Simple ETL Configuration with Pydantic Settings

Verwendete Tools:

Python

Small ETL projects do not need a complicated configuration layer. Most of the time I want three things: read a few values from .env, derive predictable file paths from the project root, and fail early when the expected...

Small ETL projects do not need a complicated configuration layer. Most of the time I want three things: read a few values from .env, derive predictable file paths from the project root, and fail early when the expected folders are missing.

For that shape, I like one Settings class with typed environment values and computed path fields. The environment controls file names and runtime knobs; the Python code owns path construction.

Tiny Project Shape

etl/
├── .env
├── data/
│   ├── raw/
│   └── out/
└── src/etl/config.py

ETL_BATCH_SIZE=5000
ETL_INPUT_FILE=customers.csv
ETL_OUTPUT_FILE=customers_clean.parquet

Settings

config.py

Python

from functools import cached_property
from pathlib import Path

from pydantic import Field, computed_field
from pydantic_settings import BaseSettings, SettingsConfigDict


ROOT = Path(__file__).resolve().parents[2]


class Settings(BaseSettings):
    model_config = SettingsConfigDict(
        env_file=ROOT / ".env",
        env_prefix="ETL_",
        extra="ignore",
    )

    batch_size: int = Field(default=1000, ge=1)
    input_file: str = "customers.csv"
    output_file: str = "customers_clean.parquet"

    @computed_field
    @cached_property
    def raw_dir(self) -> Path:
        return ROOT / "data" / "raw"

    @computed_field
    @cached_property
    def out_dir(self) -> Path:
        return ROOT / "data" / "out"

    @computed_field
    @cached_property
    def input_path(self) -> Path:
        return self.raw_dir / self.input_file

    @computed_field
    @cached_property
    def output_path(self) -> Path:
        return self.out_dir / self.output_file


settings = Settings()

print(settings.batch_size)
print(settings.input_path)
print(settings.output_path)

# --------------------
5000
/etl/data/raw/customers.csv
/etl/data/out/customers_clean.parquet

The useful split is small but important: BaseSettings reads and validates the values that can change between environments, while the computed fields keep all path construction in one place.

@computed_field also means those derived paths are part of the settings snapshot if you serialize the model. @cached_property means each path is calculated once per Settings instance.

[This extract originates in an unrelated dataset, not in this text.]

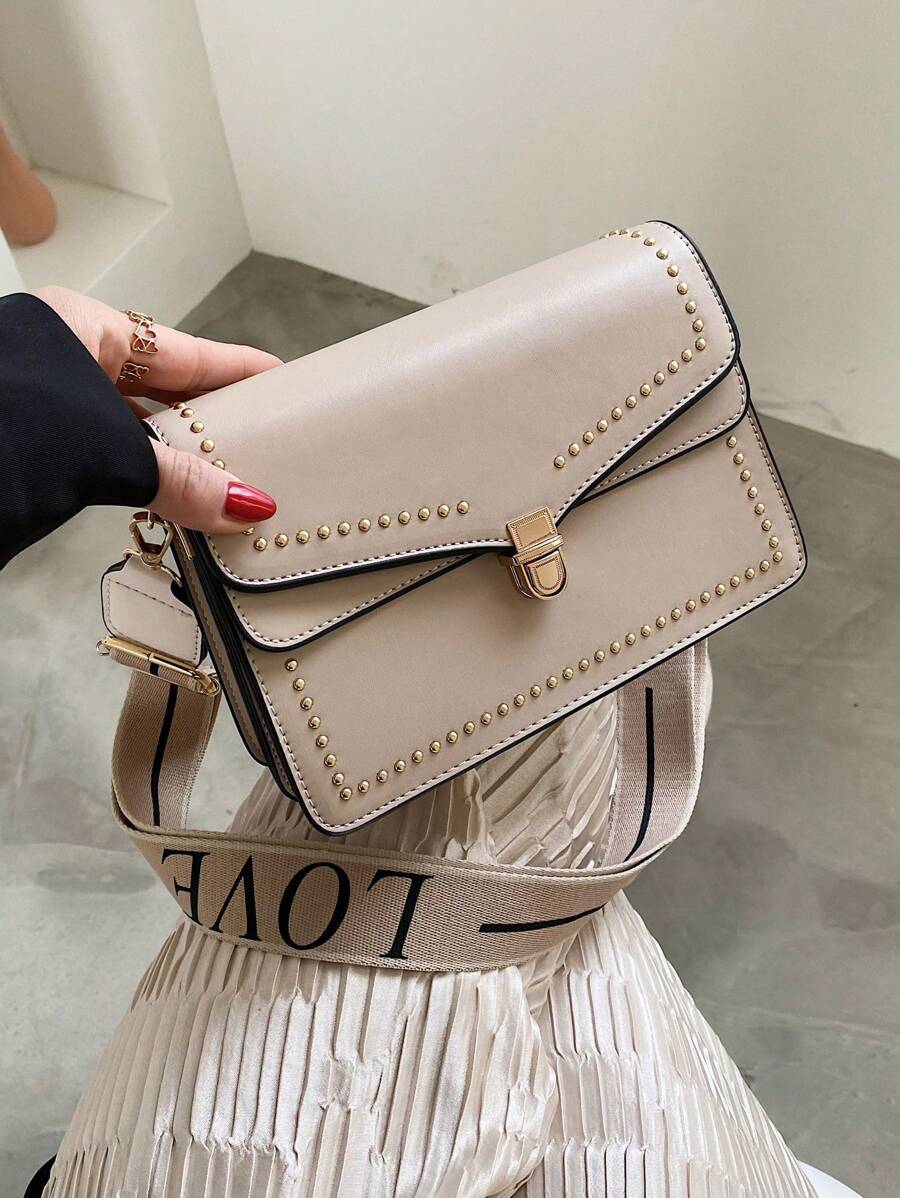 1 件装翻盖方形单肩包铆钉钱包时尚手提包带宽肩带女士 - 卡其色 - 查看 1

That is a good fit for ETL scripts where configuration is created at startup and treated as read-only.

The caveat is the same one that makes the pattern useful: do not mutate settings.input_file later and expect settings.input_path to follow. Create a new Settings object if the configuration changes.

Directory Check

I still keep filesystem checks outside the settings class. Creating Settings() should read configuration. Starting the pipeline should check whether the expected folders exist.

check required folders

Python

def check_dirs(settings: Settings) -> None:
    missing = [path for path in (settings.raw_dir, settings.out_dir) if not path.is_dir()]
    if missing:
        lines = "\n".join(f"- {path}" for path in missing)
        raise FileNotFoundError(f"Missing ETL directories:\n{lines}")


check_dirs(settings)
print("ready")

# --------------------
ready

That keeps validation honest: field validation belongs to Pydantic, and checks against the outside world happen at the edge of the pipeline.

In the Pipeline

pipeline.py

Python

settings = Settings()
check_dirs(settings)

df = read_customers(settings.input_path, batch_size=settings.batch_size)
clean = clean_customers(df)
write_customers(clean, settings.output_path)

print(clean.head(3).to_string(index=False))

# --------------------
 customer country  revenue
Company A      AT     1200
Company B      DE      940
Company C      AT      650

That is enough for most small ETL scripts: typed env values, visible derived paths, one explicit directory check, and no hidden configuration layer doing too much behind the scenes.